The decision ends a four-month quest to get regulatory approval and a broader attempt to keep Yahoo out of the hands of Google rival Microsoft. The software giant led the charge against the Web advertising deal, stirring up opposition among advertisers and raising worries within the Bush administration and Congress about the potential impact of a partnership between the top two search engines.


With the deal already delayed and then revised in hopes of overcoming strong concerns from the Justice Department, Google announced in a blog post this morning it was pulling the plug because those steps were not enough to ...

... secure regulatory approval. David Drummond, Google’s chief legal officer and senior vice president for corporate development, said:

We feel that the agreement would have been good for publishers, advertisers, and users -- as well, of course, for Yahoo and Google. However, after four months of review, including discussions of various possible changes to the agreement, it’s clear that government regulators and some advertisers continue to have concerns about the agreement. Pressing ahead risked not only a protracted legal battle but also damage to relationships with valued partners. That wouldn’t have been in the long term interests of Google or our users, so we have decided to end the agreement.

Yahoo said Google had notified it of the decision to end the proposed agreement, through which Google would have brokered some text ads for Yahoo’s search engine, ‘following indication from the Department of Justice that it would seek to block it, despite Yahoo’s proposed revisions to address the DOJ’s concerns.’

Yahoo downplayed the impact of Google’s decision on its future. But Wall Street clearly thinks Microsoft may come back into the picture and revive its bid for part or all of Yahoo. Despite the collapse of a deal that Yahoo said would boost its annual revenue by hundreds of millions of dollars, its stock was trading up more than 4%, around $13.90, in early trading after the announcement. The Sunnyvale, Calif., company said in a statement:

While the implementation of the services agreement with Google would have enabled Yahoo to accelerate its investments in its top business priorities through an infusion of additional operating cash flow, this deal was incremental to Yahoo’s product roadmap and does not change Yahoo’s commitment to innovation and growth in search. The fundamental building blocks of a stronger Yahoo in both sponsored and algorithmic search were put in place independent of the agreement.

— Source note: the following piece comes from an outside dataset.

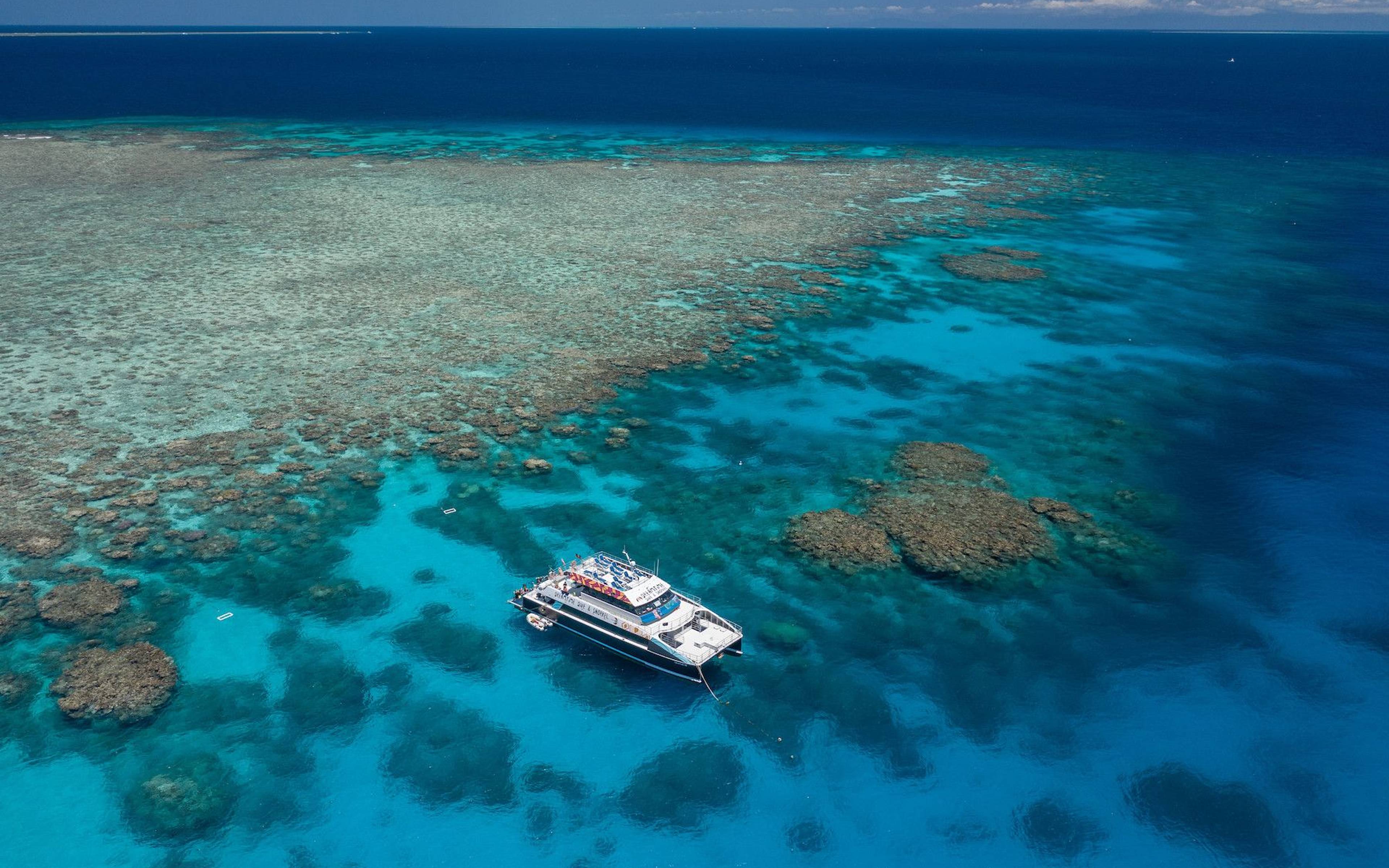 Déjate cautivar por las maravillas de la Gran Barrera de Coral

The Justice Department said it had significant concerns about the deal.

‘The companies’ decision to abandon their agreement eliminates the competitive concerns identified during our investigation and eliminates the need to file an enforcement action,’ Thomas O. Barnett, who oversees the department’s antitrust division, said this morning. ‘The arrangement likely would have denied consumers the benefits of competition–lower prices, better service and greater innovation.’